28 Temmuz 2011 Perşembe

HALA BİR KARŞILIĞI BULUNAMAYAN "DATE" NOTLARI VOL.1


Beklenen yazıyı yazalım artık değil mi? Valla "arkası yarın" konusunda baya bir tutkulu gördüm sizi. (kastettiğim kişiler üzerine alınabilirler).
Tamam, hemen konuya girelim: hayır, kötü geçmedi. İyi geçti. Başardım ve kesinlikle alkol almadım. Önümde duran, rokalı balık tabağına bakıp bir kadeh rakı için gözümde biriken yaşları sildim ve içmedim. Aferin bana!
Ah nasıl yaptın diye sormayın ama bir de adama o balıkları eliyle yedirdim ya (elimle demedim eliyle dedim), ne desek boş artık. Türk adet ve geleneklerini öğreteceğiz derken abarttık mı ne? Program akışını veriyorum:
Kahve eşliğinde günlük (iş, güç, ev) konuların konuşulup "hadi ya, öyle mi oldu, iyi yapmışsın" kalıplarının rahatça kullanılması.
Arkasından yemek eşliğinde (işte evet burası benim fikir değiştirdiğim yer oluyor. Ne demiştik? Eğer sadece kahve içecek kadar katlanabileceksek sadece kahve içeriz, içmeliyiz yoksa yemeğe yazık. direkt yağ mağ değil, sinir oluyor o etler sonra vücuda) daha derin mezvulara geçiş: aile, gelecek planları. Bir anda kendimi "galiba ben İzmir de öleceğim" derken buldum. Düşünün yani...
Son olarak yemek üstüne çay. E Türk geleneklerini de anlatıyoruz dedik ya. Yemeğin üstüne çay içilmeyen bir Türk evi olur mu? "Çaysamak" diye bir laf var dilimizde yahu. Ki benim yemekten sonra çay içmezsem ya başım ağrır ya midem.
Kısacası baya bir zaman dilimi söz konusu ve buna rağmen iyi geçti. Gerçi O, daha ilk buluşmada elle balık yiyecek kadar ileri gitmemizi biraz hızlı bulduğunu belirtti ama olsun, ben yatışırdım. Ya bir de birilerinin sizinle ilgili planlar yapması duygusu iyi bir şeymiş. Ben bu duyguyu pek hatırlamıyorum hatta biliyor muyum ondan bile emin değilim. Normal olan şeyler bile anormal gelebiliyor işte bu yüzden.
Adama anlattık işte; yönsüzlüğümüzü, eski kitapları koklamayı neden sevdiğimizi, Galata kulesine düşkünlüğümüzü (ki bu konu onun başka bir yapıya düşkünlüğünden çıktı, böylece masada ki tek taş sevdalısı ben değildim, belli oldu), falan filan gibi ufak tefek şeyleri. Büyük parçalar için henüz çok erkendi çünkü... Erken yani...

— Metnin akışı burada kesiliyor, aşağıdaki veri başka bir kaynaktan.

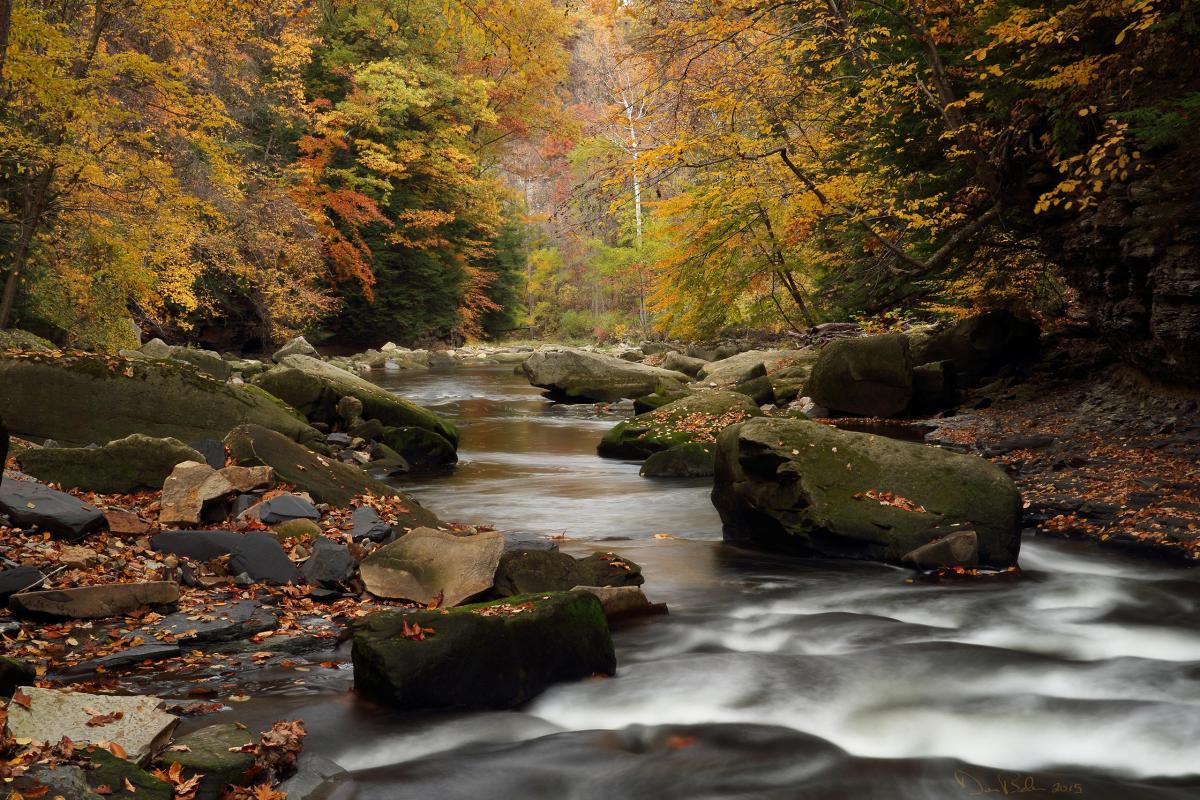 Aurora Branch Chagrin River, Ohio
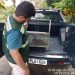 ATOBÁ-PARDO É RESGATADO NA PASSARELA DA CULTURA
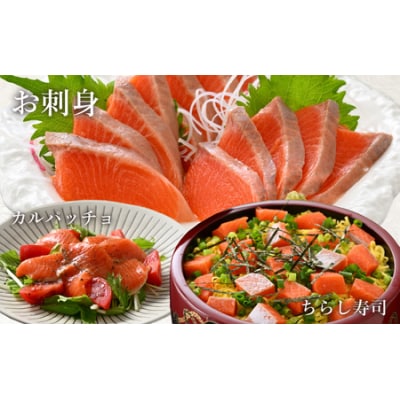 【3ヶ月定期便】【希少】福井県大野市産ふくい名水サーモン 300g(刺身用)150g×2パック×3回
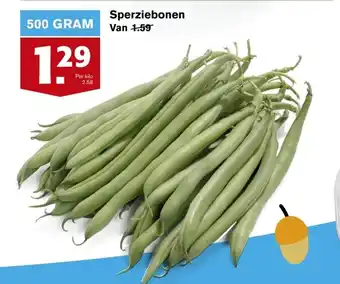 Hoogvliet Sperziebonen 500g aanbieding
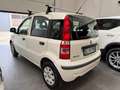 Fiat Panda Panda 1.3 mjt 16v Active 75cv Bianco - thumbnail 3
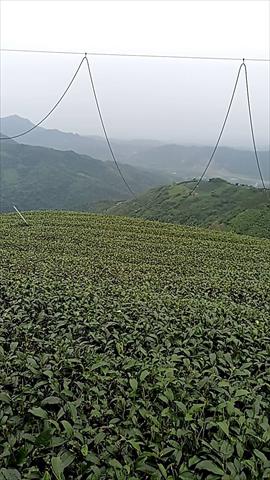 生產者圖片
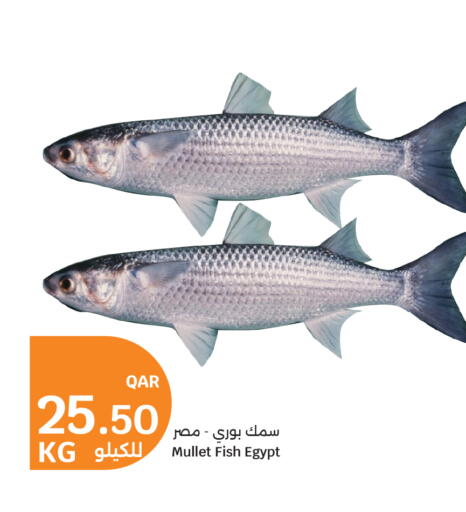 available at سيتي هايبرماركت in قطر - الوكرة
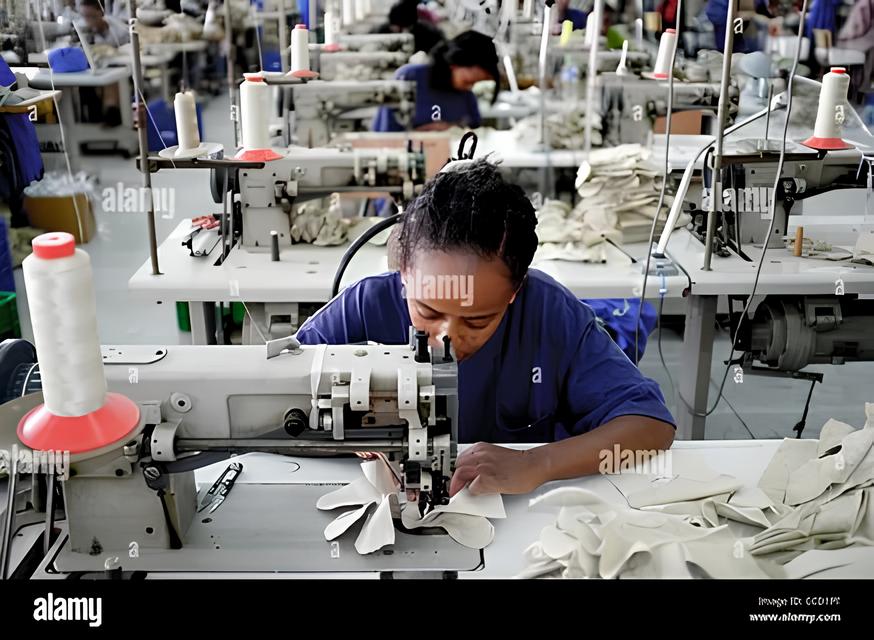 O Milagre do Emprego no Brasil Como Mulheres e Jovens Redefinem o Futuro em 2025 O Milagre do Emprego no Brasil: Como Mulheres e Jovens Redefinem o Futuro em 2025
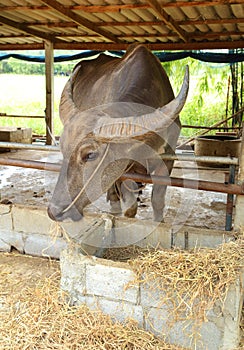 Water baffalo eating dried grass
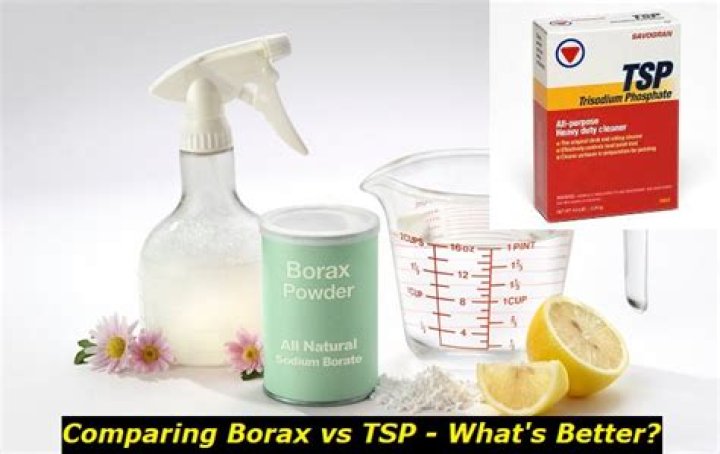 borax vs tsp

Yani arkadaşlar, ilk seferi kazasız belasız atlattık. Şimdi normalde ikincisini planlamamız gerekiyor. Gerekiyor değil mi? O da öyle söylüyor zaten. Yani söyledi. Bu, iyi bir şey değil mi? Evet, bence de iyi bir şey.
Göreceğiz bakalım... Neydi: arkası yarın.